È stata ricoverata 3 anni fa per uno di questi episodi, sottoponendosi a gastroscopia con biopsia gastrica che è risultata positiva per l'H. pylori; è stata sottoposta a trattamento di eradicazione con l'attuale tripla terapia (omeprazolo, amoxicillina e claritromicina), con un successivo breath test negativo per l'infezione da H. pylori. A causa dei sintomi persistenti, il trattamento è stato iniziato con antiemetici e inibitori multipli della pompa protonica, senza alcuna risposta a lungo termine. Al momento dell'ammissione, è stato valutato dal Servizio di Salute Mentale, poiché persistevano i sintomi del dolore acuto, che si sono attenuati con il vomito, e gli è stata diagnosticata una sindrome ansioso-depressiva con scarso follow-up e non conformità al trattamento. Non aveva allergie al cibo o ai farmaci. Attualmente, il dolore è diminuito nella posizione genupettorale e con il consumo di cannabis.
All'esame abbiamo trovato un paziente con segni vitali stabili, con un BMI di 17,7. L'addome era scavato, timpanico, morbido e leggermente doloroso alla palpazione profonda nell'epigastrio, senza masse palpabili, adenopatia o megaliti.
Gli esami di laboratorio non hanno mostrato anomalie; nessuna anemia, marcatori di risposta infiammatoria negativi, nessuna anomalia epatica o elettrolitica, proteine totali 5,8 g/dl (valore normale da 6,4 a 8,3 g/dl). La radiografia addominale non ha mostrato segni di ostruzione intestinale.

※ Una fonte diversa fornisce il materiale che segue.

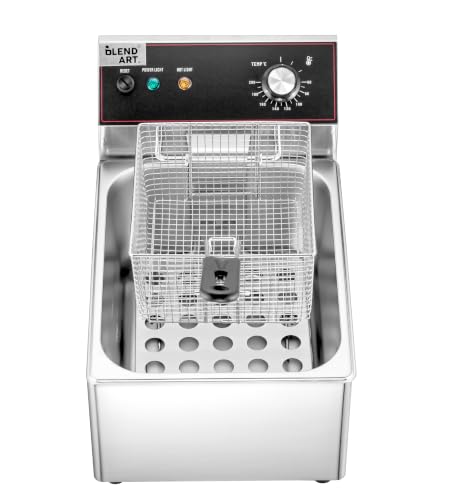 Image of BLEND ART Electric Deep Fat Fryer 6 Litre 2500W with Variable Temperature Control Auto-Cut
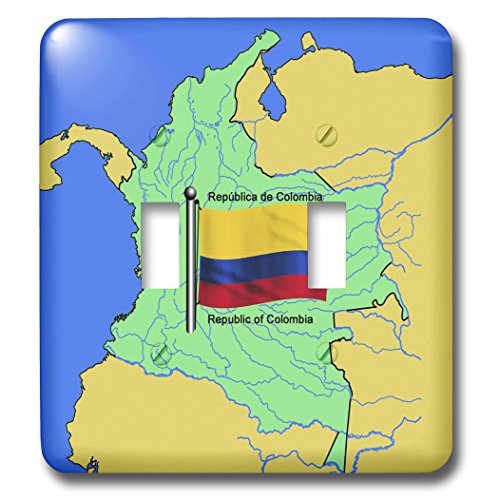 Cache interrupteur Colombie double bascule pour masquer défauts muraux - 2
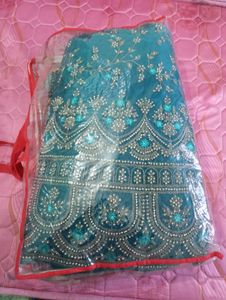 Heavy Stone Work Lahenga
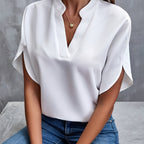 Elegant women's blouse made of cotton blend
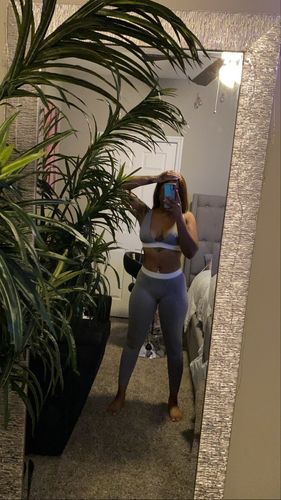 Customer photo review of Ensemble brassière et bas slim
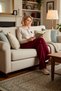 Women's Crew Neck Standard Sleeve Long Sleeve Regular Fit Fleece Pajama Set Plus Size Stylish - 4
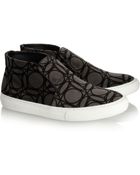 Pierre Hardy Printed Velvet High-Top Sneakers - Lyst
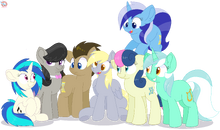 Backgroundponyrainboweeve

Fu eseguita un'ecografia addominale totale in posizione di decubito supino, senza riscontri rilevanti, per cui si decise di consultare il Servizio Digerente, dove, dopo essere stato valutato, fu richiesto un transito intestinale con bario, con un ritardo di più di 8 ore per un lento svuotamento gastrico dovuto a una diminuzione permanente del calibro nella terza porzione duodenale, suggestivo di una compressione estrinseca, che non impediva il passaggio distale del contrasto, il tutto compatibile con una compressione vascolare. Alla luce di questo risultato, è stata eseguita un'angiografia CT dell'addome, con il risultato di una pinza vascolare che ha prodotto la compressione della terza porzione del duodeno. La pinza mesenterica ha interessato il duodeno e la vena renale sinistra, producendo compressione e dilatazione pre e post-compressione.